Alerte enlèvement : identité collective.

“Métis, gay et thatchérien, Leo Varadkar sera le prochain premier ministre irlandais”. L’ordre des qualificatifs ne doit rien au hasard. Cet article du Monde, hier, est un énième épisode dans le bras de fer entre identité individuelle et collective qui tourne systématiquement à l’avantage de l’esseulé. Ne soyons pas bégueules : dans un pays aussi conservateur et férocement catholique, le fait que le nouveau chef du gouvernement sois ouvertement homosexuel est un symbole fort. Mais un symbole. Comme son teint non crayeux. Très bien.
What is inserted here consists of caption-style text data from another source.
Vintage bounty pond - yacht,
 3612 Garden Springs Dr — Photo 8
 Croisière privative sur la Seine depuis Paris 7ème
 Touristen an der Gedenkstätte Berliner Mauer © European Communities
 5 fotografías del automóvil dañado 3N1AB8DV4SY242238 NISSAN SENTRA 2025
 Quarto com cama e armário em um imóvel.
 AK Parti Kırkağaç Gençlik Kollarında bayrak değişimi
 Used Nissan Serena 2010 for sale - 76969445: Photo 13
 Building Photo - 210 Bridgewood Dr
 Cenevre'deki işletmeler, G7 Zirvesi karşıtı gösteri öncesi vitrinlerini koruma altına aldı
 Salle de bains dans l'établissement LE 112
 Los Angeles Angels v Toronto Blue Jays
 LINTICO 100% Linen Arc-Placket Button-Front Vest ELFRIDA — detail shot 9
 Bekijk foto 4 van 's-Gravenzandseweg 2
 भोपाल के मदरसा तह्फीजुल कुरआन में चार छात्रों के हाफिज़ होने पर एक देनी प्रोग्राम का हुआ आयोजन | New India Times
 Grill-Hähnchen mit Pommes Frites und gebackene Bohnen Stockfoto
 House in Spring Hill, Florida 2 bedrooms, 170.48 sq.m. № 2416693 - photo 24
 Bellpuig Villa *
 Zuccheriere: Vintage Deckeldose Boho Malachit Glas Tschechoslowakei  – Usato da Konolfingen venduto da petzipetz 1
Mais combien faudra-t-il de symboles sans actes pour que l’on change notre grille de lecture ? Combien d’échecs successifs de personnalités différents proposant une politique conforme pour que l’on cesse de tomber dans le panneau ?

Au fond, c’est peu admissible par les bonnes âmes, mais Obama a vraiment une chance infinie que Trump lui succède. Il peut ainsi se targuer d’avoir incarné tout l’inverse de Trump. Ouverture, tolérance, coolness. Mais personne pour dire que si Obama était si fabuleux, Clinton aurait du passer dans un fauteuil ? On peut déplorer qu’il n’ait jamais eu un Congrès et un Sénat vraiment à sa main, mais tout de même : 2 mandats, 8 années de pouvoir et 8 années au cours desquelles les inégalités ont continué leur trajectoire folle, aucune résorption des inégalités liées à l’origine ethnique, aggravation des inégalités scolaires… Un léger mieux sur la santé, mais c’est tout. Trump ayant balayé l’Obamacare sitôt arrivé à la maison Blanche, Barack pourra pavaner que c’est la justice qu’on assassine. De fait, comparé à Trump, Obama fait figure de progressiste, exactement comme Macron face à le Pen ou Trudeau face aux autres…

On ne peut empêcher ces types là de jouer sur le récit personnalisé. C’est de bonne guerre. Jeunes, aux dents blanches et aiguisés, avec toujours un peu de mystère, un truc différent (couleur de peau et passé de travailleur social pour Obama, combat de boxe, tatouage et surf pour Trudeau, le théâtre, Ricoeur et épouser sa prof de français pour Macron) sur lequel on glose jusqu’à après-demain. Fort bien. Les individus se distinguent, certes, mais leurs idées ? On ne peut plus confondant de conformisme mou, spongieux, gentiment défaitiste face aux ploutocrates. Leo Varadkar fait pareil, il met en avant son âge, ses préférences en termes de galipettes et sa couleur de peau. Les plumes reprennent. Thatchérien passe au second plan. Le type est un champion de l’austérité, en tant que responsable des comptes sociaux a proposé de torpillé tout ce qui peut ressembler à une sécurité sociale, croit que l’on est coupable d’être malade et que l’on doit payer sa guérison. Voilà ce qui doit primer, mais il faut aller loin dans l’article pour qu’on vous en cause…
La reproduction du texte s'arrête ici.